Algeria under President Abdelmadjid Tebboune is headed for parliamentary elections in June, with Islamists seeking gains while the largely secular pro-democracy Hirak movement plans a poll boycott, demanding Algeria’s military elite relinquish long-held power.
Criminalization of ideas
The Algerian League for Human Rights condemned the court’s “criminalization of ideas” and Amnesty International described the sentence imposed on Djabelkhir as “outrageous.”
The author of two well-known works critical of dogma on Islam had written that the sacrifice of sheep pre-dated Islam.

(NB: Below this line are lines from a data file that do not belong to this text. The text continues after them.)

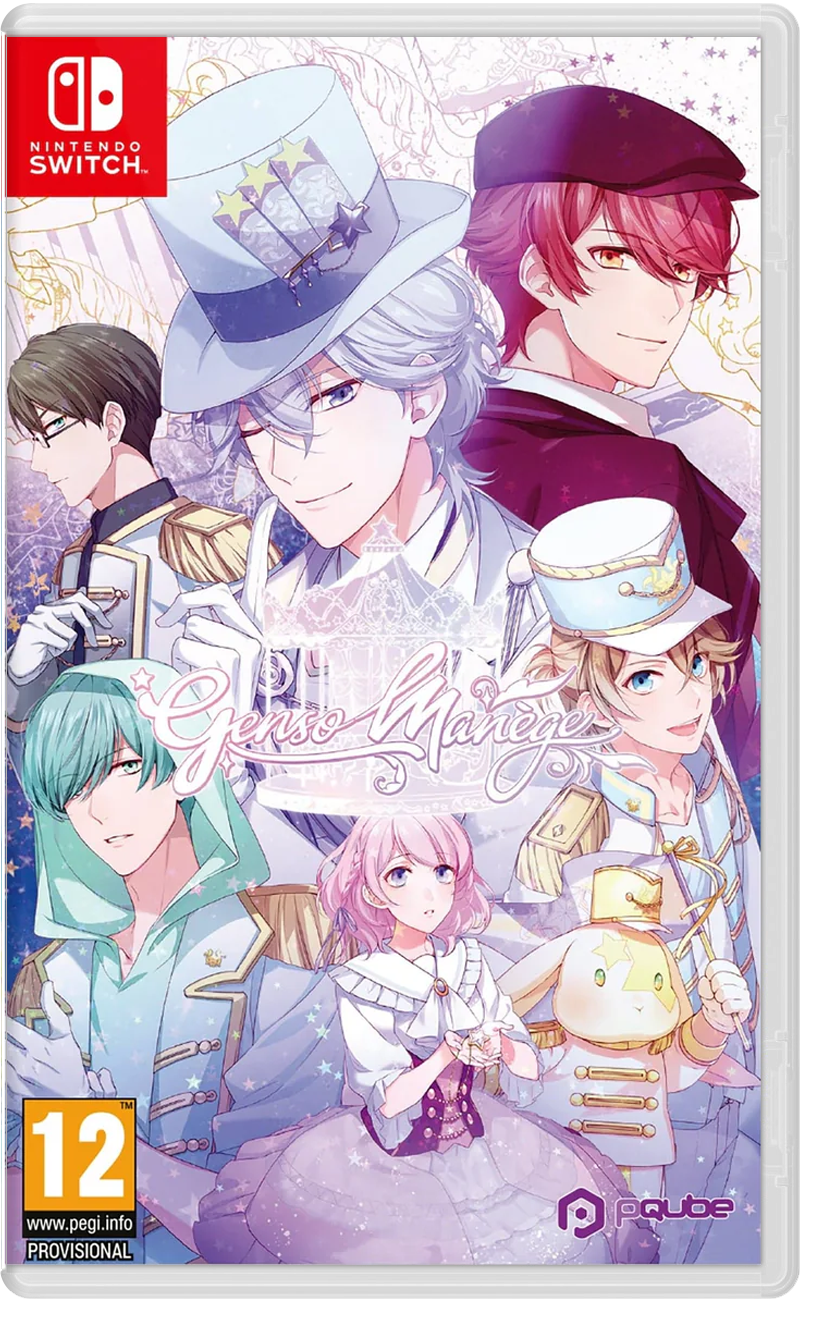 Gensou Manege (Switch)
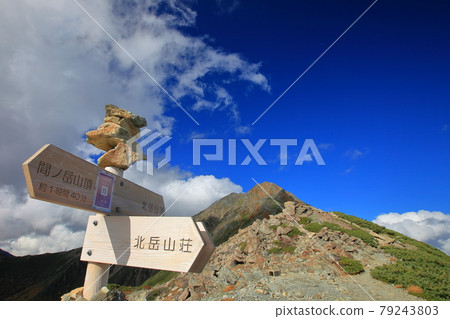 秋天的北岳登山 79243803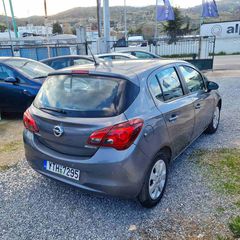 Opel Corsa 2016 ΑΥΤΟΜΑΤΟ ΕΛΛΗΝΙΚΟ DIESEL-thumb-7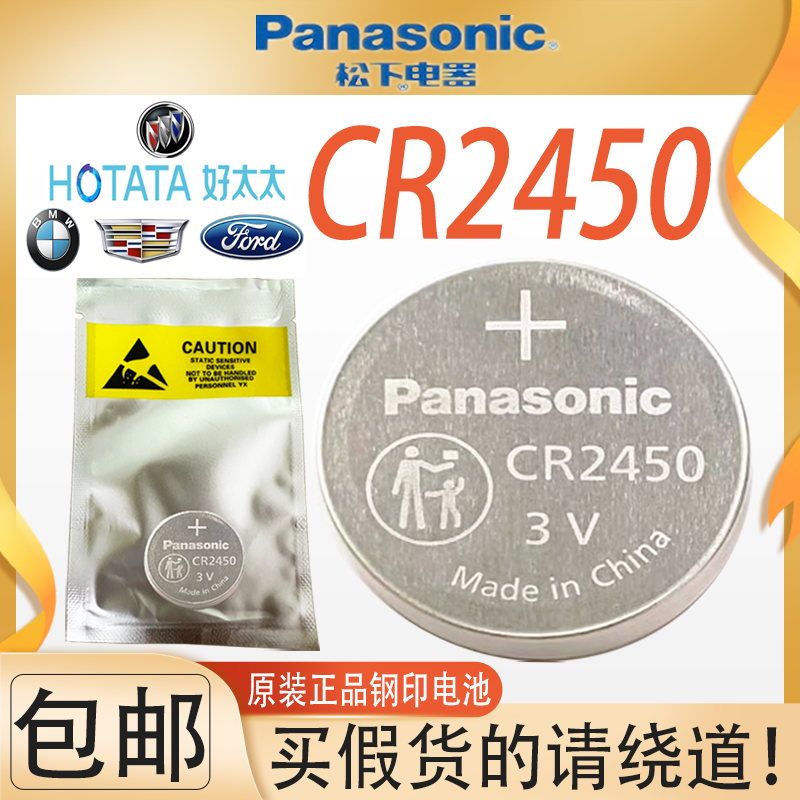 松下CR2450汽车钥匙纽扣3V锂电池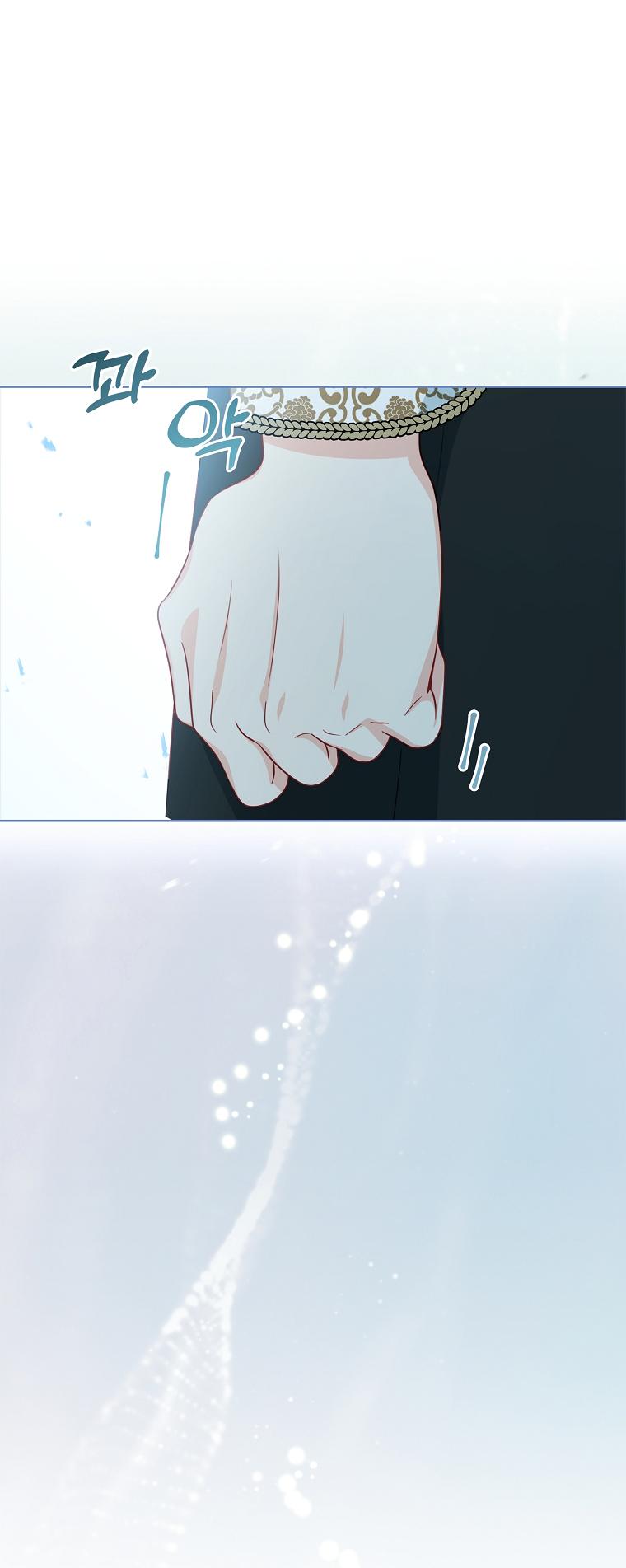 My Husband Is My Choice Chapter 48 - Page 31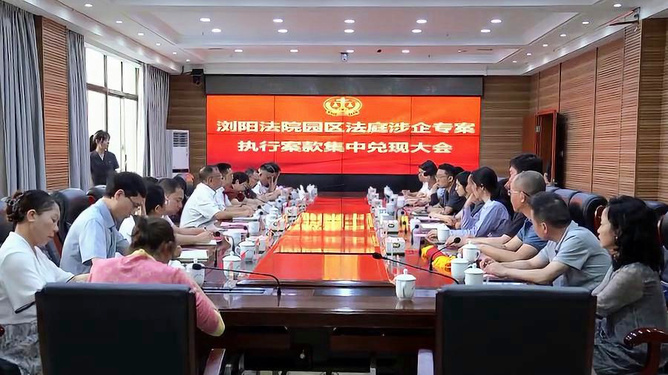 最新瀏陽法院內(nèi)的溫馨日常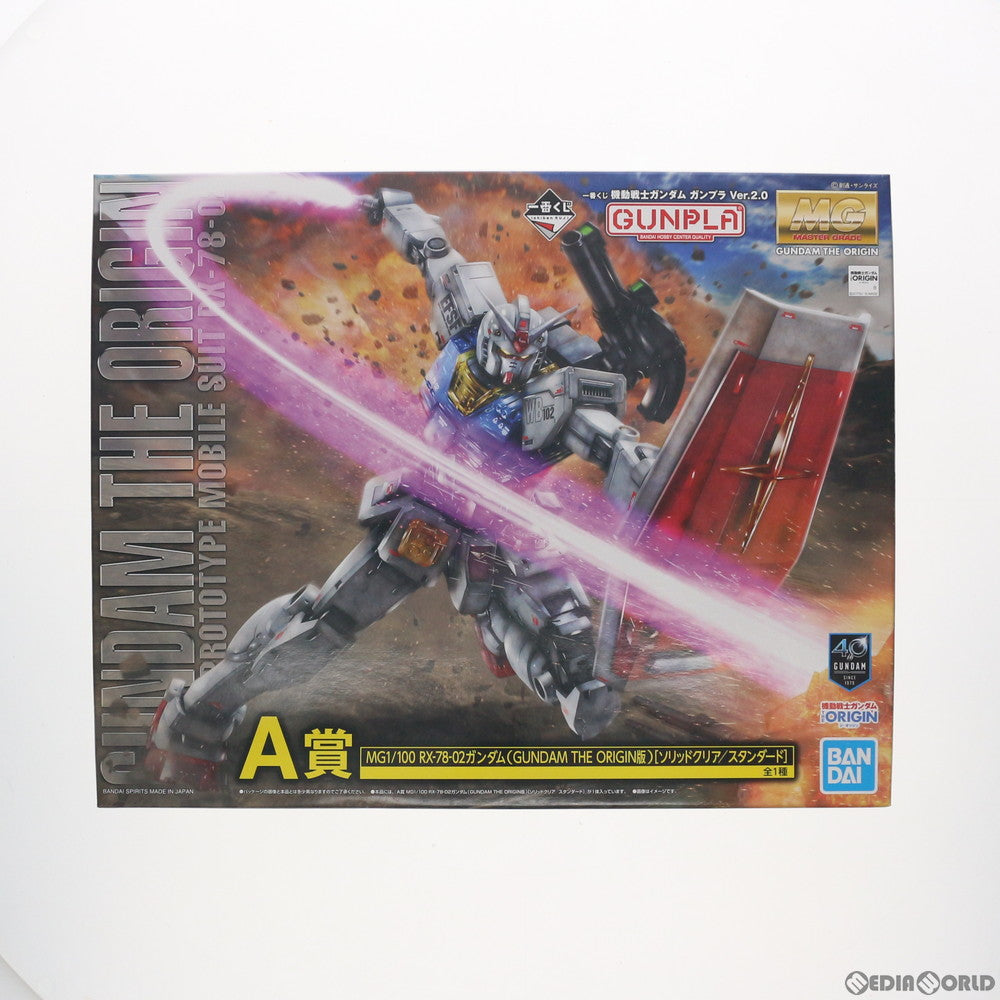 【中古即納】[PTM] A賞 MG 1/100 RX-78-02ガンダム(GUNDAM THE ORIGIN版) [ソリッドクリア/スタンダード] 一番くじ 機動戦士ガンダム ガンプラ Ver.2.0 プラモデル バンダイスピリッツ(20190904)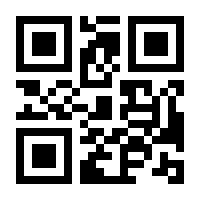 QR-Code zur Seite https://www.isbn.de/9783933040879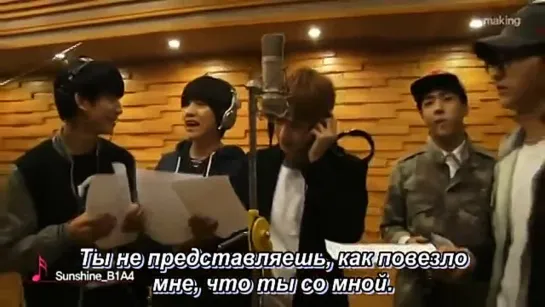 OST We Got Married, B1A4 - Sunshine [рус.суб]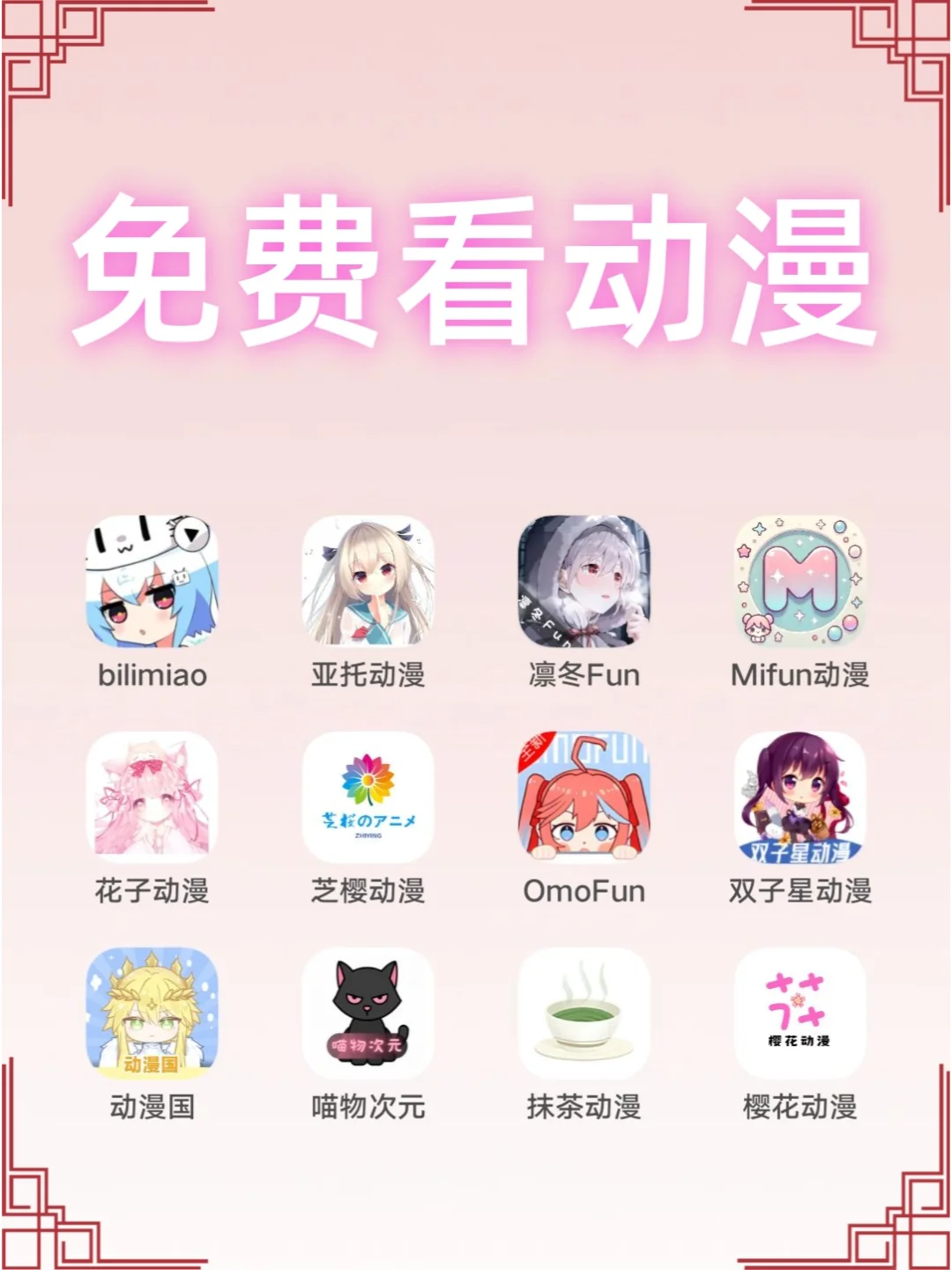 安卓免费动漫应用app，内容丰富，功能齐全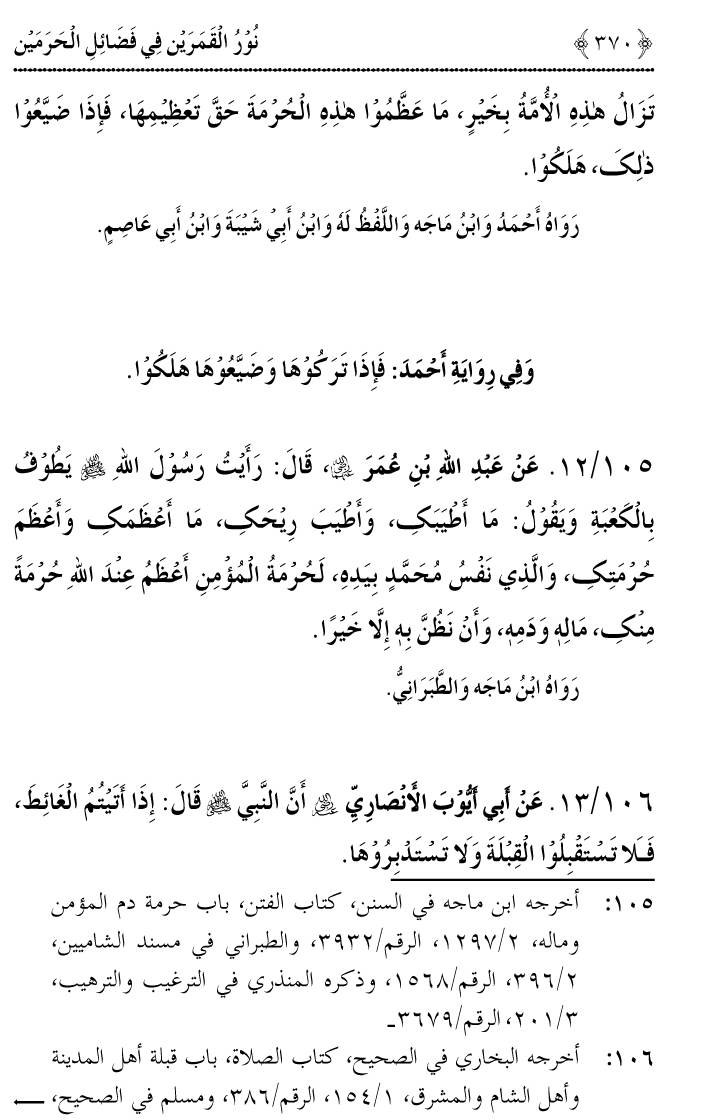 Noor ul Qamarain fi Fazail al-Haramayn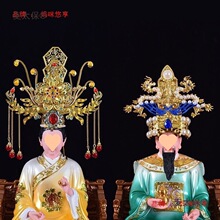 �ֹ��Ͻ������P���ɼ��Ĵ����̩ɽ�����P���^�ñ�ڋ�������̫��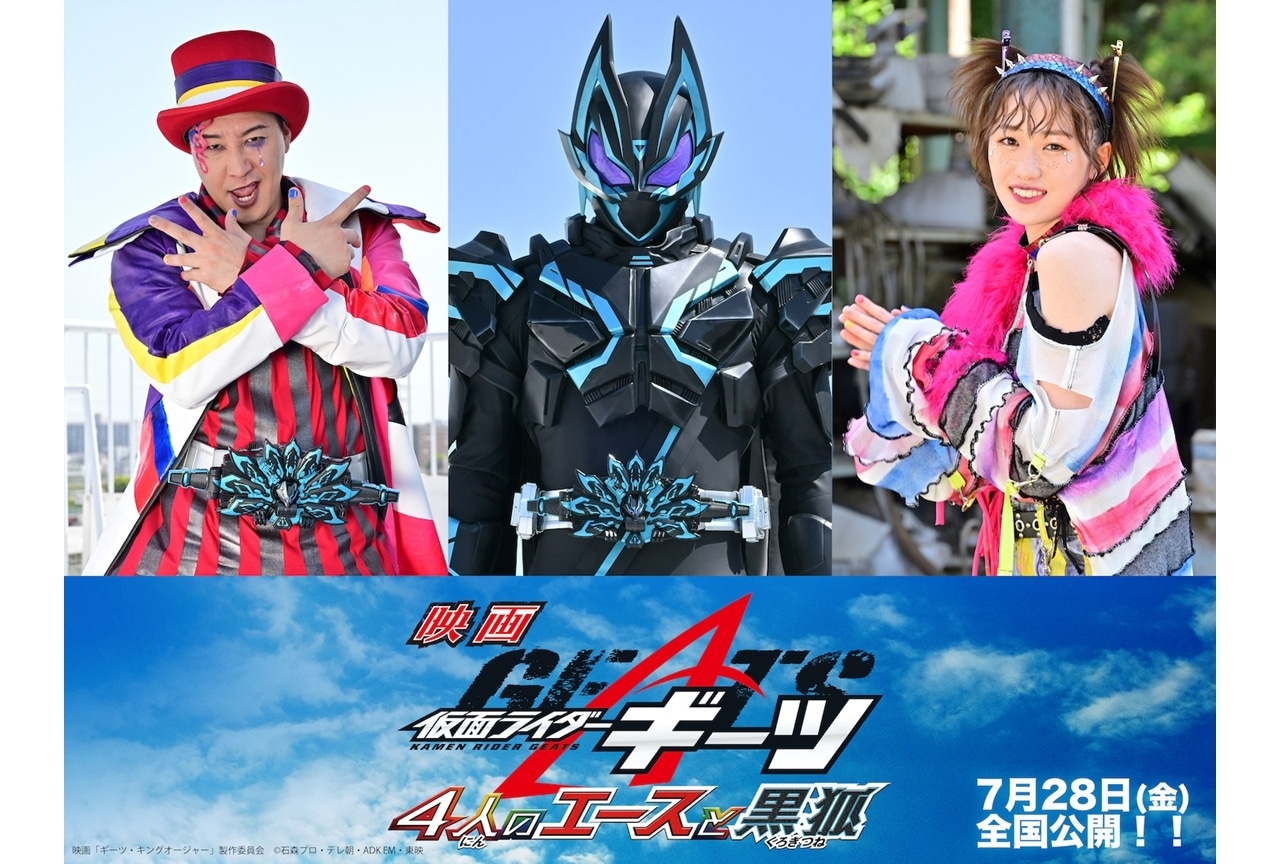 映画『仮面ライダーギーツ』ゲストキャストに長田庄平と工藤遥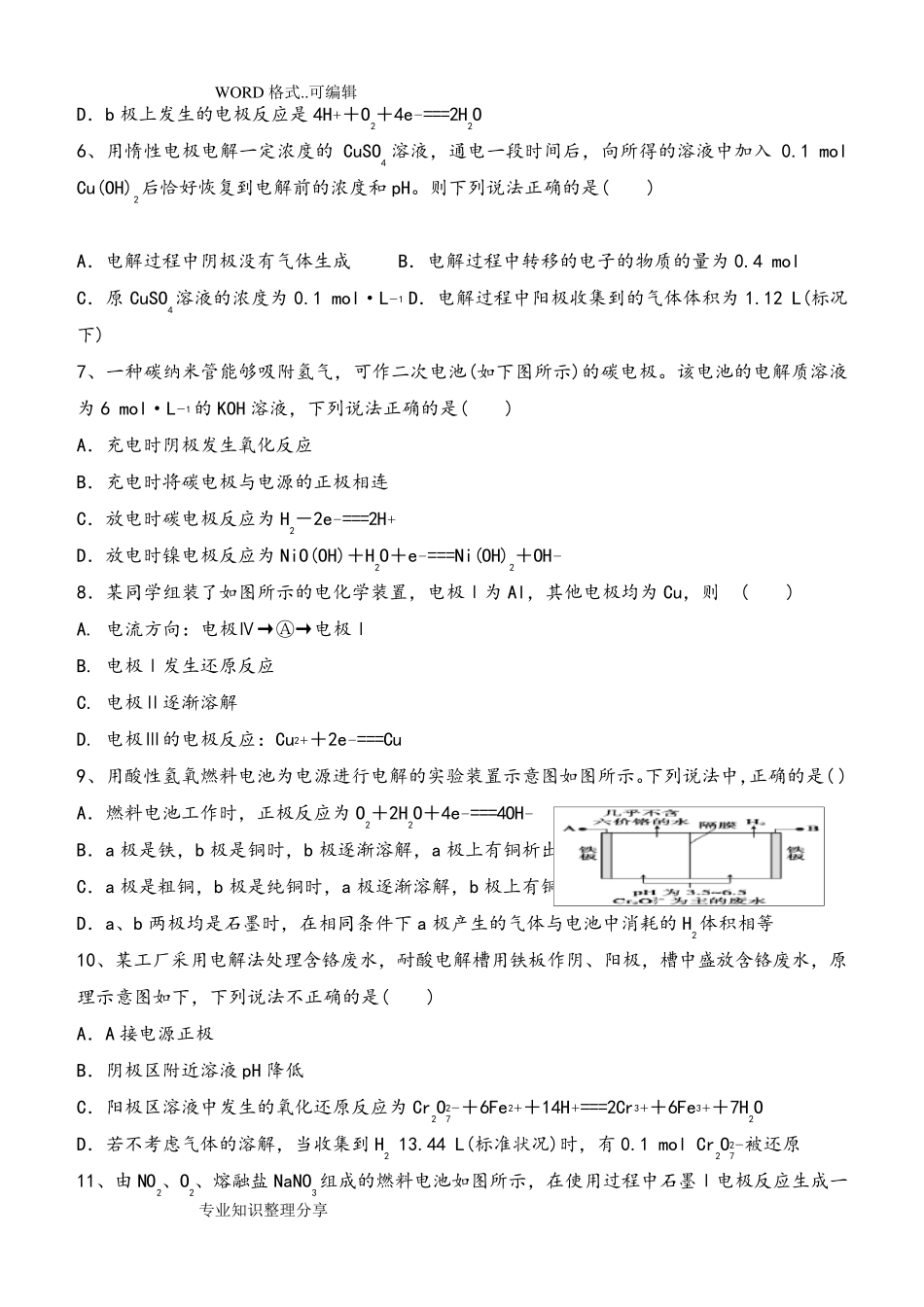 原电池、电解池综合练习(含答案与解析)_第2页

He had also criticized the marriage of pre-pubescent girls in some Muslim societies and head covering, asserting the practice was not obligated in Islamic scriptures.
Specialist on Sufi Islam
Before his conviction on Thursday, Djabelkhir had told the French daily Le Figaro that it was the “first time in the history of Algeria that a university professor is [being tried] for giving his opinion in his own domain of specialization.”
Opponents, however, accused him of disrespecting the Quran and Islam’s five pillars, including the ritual hajj pilgrimage to Mecca.
On Wednesday, Algerian journalist Noureddine Tounsi was sentenced to a year in prison on charges that included “insulting the president of the republic.”
Reporters Without Borders ranked Algeria 146 out of 180 countries and territories in its 2021 World Press Freedom Index.